We are adrift in our church right now, but we are not aimlessly adrift. We are seeking to find the “current of God” where the Spirit of God is flowing. We want to be there when the swelling tide of which hymn writers spoke carries us to the next place with God. So, like the ancient Celtic Christian pilgrims, we are on a journey for the love of God. We do not know the destination, nor do we seek to discern it as we pass landmarks on the way. We only know that we are seeking to travel with the same God who led Israel with a cloud by day and fire by night. The journey and the destination are one, for we are traveling with God.
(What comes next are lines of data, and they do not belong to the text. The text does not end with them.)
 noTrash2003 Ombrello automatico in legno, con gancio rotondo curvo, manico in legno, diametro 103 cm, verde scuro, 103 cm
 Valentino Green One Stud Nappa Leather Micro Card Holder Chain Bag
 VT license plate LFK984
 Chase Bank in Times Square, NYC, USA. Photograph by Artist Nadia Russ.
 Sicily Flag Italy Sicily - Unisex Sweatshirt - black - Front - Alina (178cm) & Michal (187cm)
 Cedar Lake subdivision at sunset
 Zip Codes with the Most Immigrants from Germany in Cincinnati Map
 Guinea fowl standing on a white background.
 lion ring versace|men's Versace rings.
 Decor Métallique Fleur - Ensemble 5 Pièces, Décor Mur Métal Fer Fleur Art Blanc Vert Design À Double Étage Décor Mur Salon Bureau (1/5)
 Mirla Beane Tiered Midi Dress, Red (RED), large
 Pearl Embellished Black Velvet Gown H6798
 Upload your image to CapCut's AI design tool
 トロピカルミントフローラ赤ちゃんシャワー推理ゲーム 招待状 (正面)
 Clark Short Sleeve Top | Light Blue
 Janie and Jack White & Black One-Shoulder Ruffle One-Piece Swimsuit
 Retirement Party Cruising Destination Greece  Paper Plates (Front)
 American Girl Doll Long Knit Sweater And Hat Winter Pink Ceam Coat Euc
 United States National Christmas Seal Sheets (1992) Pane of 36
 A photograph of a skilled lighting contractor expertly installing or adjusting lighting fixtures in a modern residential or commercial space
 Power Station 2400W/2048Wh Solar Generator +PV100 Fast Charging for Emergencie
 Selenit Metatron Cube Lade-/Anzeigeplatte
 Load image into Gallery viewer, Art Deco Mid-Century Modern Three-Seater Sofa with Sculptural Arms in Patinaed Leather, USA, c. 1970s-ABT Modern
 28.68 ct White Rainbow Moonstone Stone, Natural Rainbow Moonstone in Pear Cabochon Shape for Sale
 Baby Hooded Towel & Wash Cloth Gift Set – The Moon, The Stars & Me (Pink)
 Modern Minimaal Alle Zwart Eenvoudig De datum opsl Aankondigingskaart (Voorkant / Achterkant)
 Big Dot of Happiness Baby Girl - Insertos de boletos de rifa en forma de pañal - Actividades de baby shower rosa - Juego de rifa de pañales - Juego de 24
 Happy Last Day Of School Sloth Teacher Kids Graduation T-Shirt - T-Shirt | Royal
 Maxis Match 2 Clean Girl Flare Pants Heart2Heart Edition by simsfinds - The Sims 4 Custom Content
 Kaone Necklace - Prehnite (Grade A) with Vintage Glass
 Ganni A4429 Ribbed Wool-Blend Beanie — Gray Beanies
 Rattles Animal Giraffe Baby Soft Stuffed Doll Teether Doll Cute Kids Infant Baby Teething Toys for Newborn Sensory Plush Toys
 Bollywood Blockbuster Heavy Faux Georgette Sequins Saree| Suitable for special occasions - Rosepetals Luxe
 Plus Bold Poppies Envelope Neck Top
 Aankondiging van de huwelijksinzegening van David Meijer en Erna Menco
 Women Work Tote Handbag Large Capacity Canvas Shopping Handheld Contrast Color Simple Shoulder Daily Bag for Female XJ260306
Isn’t that the goal of our lives after all?
Here’s the sermon I’m preaching this Easter from Acts 10:34-43, another lectionary reading for this Easter Sunday. I hope your Easter celebration is glorious! He is risen!
Now We Understand
34 Then Peter began to speak: “I now realize how true it is that God does not show favoritism 35 but accepts men from every nation who fear him and do what is right. 36 You know the message God sent to the people of Israel, telling the good news of peace through Jesus Christ, who is Lord of all. 37 You know what has happened throughout Judea, beginning in Galilee after the baptism that John preached— 38 how God anointed Jesus of Nazareth with the Holy Spirit and power, and how he went around doing good and healing all who were under the power of the devil, because God was with him.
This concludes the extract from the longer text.